Enzymology for Discovery & Innovation Core | Dipartimento di Biologia – Università degli Studi di Napoli Federico II

Enzymology for Discovery & Innovation Core

Coordinator:

Prof. Roberta Iacono (roberta.iacono@unina.it)

The Enzymology for Discovery & Innovation Core brings together a synergistic set of platforms dedicated to the discovery, engineering, and valorization of biocatalysts. From the exploration of extreme environments to bioinformatic mining, from enzyme design to functional characterization and therapeutic screening, this infrastructure provides a fully integrated workflow to transform basic research into innovative solutions for industry, environment, and health. This Core is part of IBISBA (https://ibisba.eu/about/) a pan-European distributed research infrastructure dedicated to industrial biotechnology and of the Unità di Ricerca presso Terzi (URT) of the Institute of Biosciences and BioResorces-CNR in the Department of Biology. The Core is partly supported by the National Biodiversity Future Center (European Union NextGenerationEU a Project Code CN_00000033, Concession Decree No. 1034 of June 17, 2022 adopted by the Italian Ministry of University and Research, CUP E63C22000990007) and the project ITINERIS (ITalian INtegrated Environmental Research Infrastructures System – IR0000032), (CUP B53C22002150006) Funded by EU – Next Generation EU. PNRR – Mission 4 “education and Research” – component 2 “From Research to Business” – Investment 3.1 “Fund for the realisation of an integrated system of research and innovation infrastructures).

BioCatalyst Hub

BioCatalyst Hub

Coordinators:

Prof. Marco Moracci (marco.moracci@unina.it)

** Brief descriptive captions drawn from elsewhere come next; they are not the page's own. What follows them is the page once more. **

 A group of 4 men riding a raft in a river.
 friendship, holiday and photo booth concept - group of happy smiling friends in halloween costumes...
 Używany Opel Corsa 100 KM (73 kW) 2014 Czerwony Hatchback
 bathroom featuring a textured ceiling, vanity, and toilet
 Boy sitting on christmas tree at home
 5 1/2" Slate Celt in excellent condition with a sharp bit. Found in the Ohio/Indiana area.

The BioCatalyst Hub of the Department of Biology of the University of Naples Federico II is a technological platform designed to support the development, production, purification, and characterization of thermophilic and thermostable enzymes for industrial, agro-food, environmental, and pharmaceutical applications. The infrastructure provides a fully integrated workflow, from microbial cultivation to the validation of biocatalysts and the analysis of reaction products.

Core Activities

Expression and Protein Purification

The platform offers optimized strategies for the efficient expression of recombinant proteins, ensuring high yields and reproducibility. Proteins of interest can be purified with high resolution using the FPLC system, which supports affinity, ion exchange, and gel filtration chromatography. Downstream analysis includes gel imaging to assess protein purity and confirm successful expression and purification.

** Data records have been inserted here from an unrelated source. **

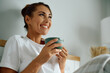 © Drazen - Happy woman having her morning coffee in bed.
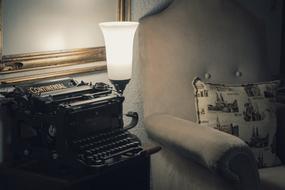 vintage typewriter and armchair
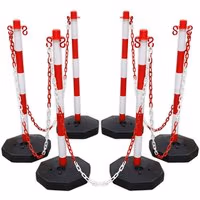 Red and white post and chain kit with six striped posts and black bases, connected by red and white chains.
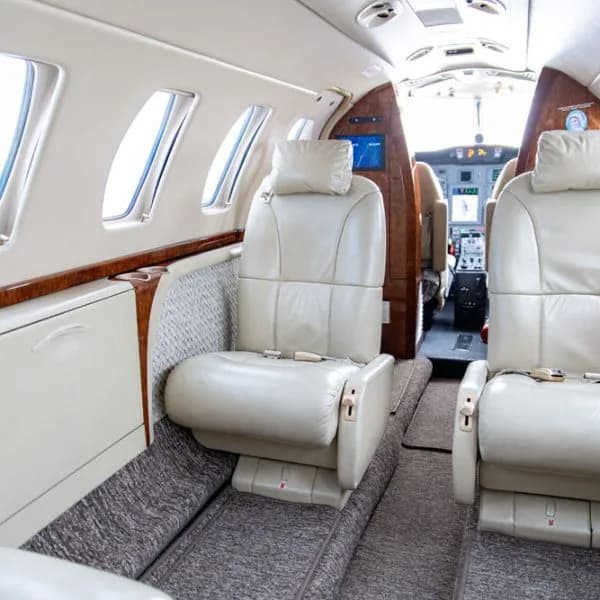 An angled view of an aircraft cabin interior, highlighting a light beige leather seat and the cockpit in the background.
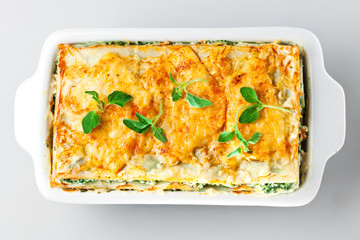 Spinach lasagna with basil and oregano Isolated.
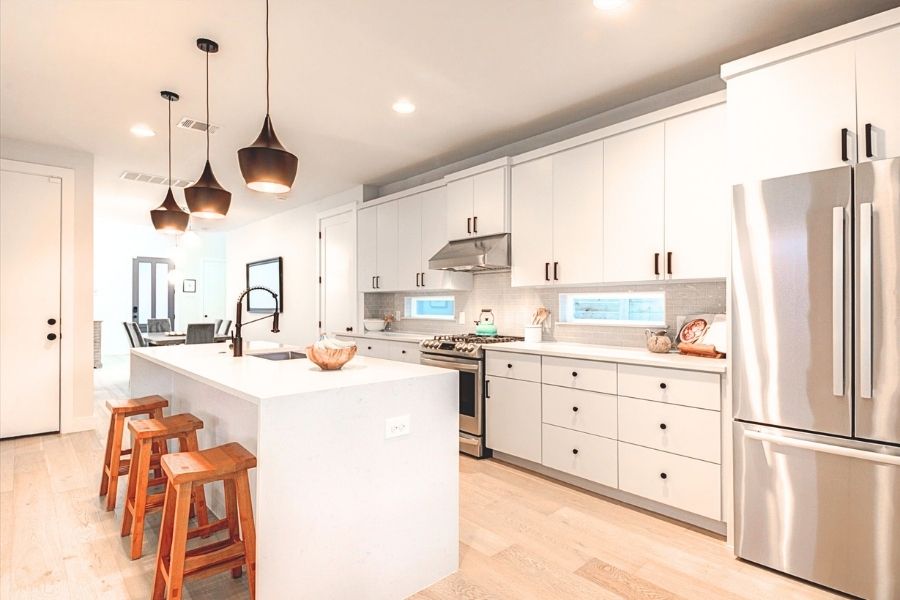 916 East 50th Street, Unit 1 Austin, TX 78751 - Photo 30 of 36 Convenient access to the clean and bright kitchen from the garage (which already has an EV charger installed). CLICK VIRTUAL TOUR FOR FLOOR PLAN AND 3D WALK THROUGH!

Structure–Function Studies

The core enables in-depth analysis of enzyme stability, conformational properties, and interactions with ligands. Differential scanning fluorimetry (DSF) and spectrofluorimetric approaches are employed to evaluate protein stability and ligand binding at nanomolar sensitivity. Biochemical characterization includes assessment of pH and temperature dependence as well as determination of kinetic parameters, providing a comprehensive understanding of protein functionality.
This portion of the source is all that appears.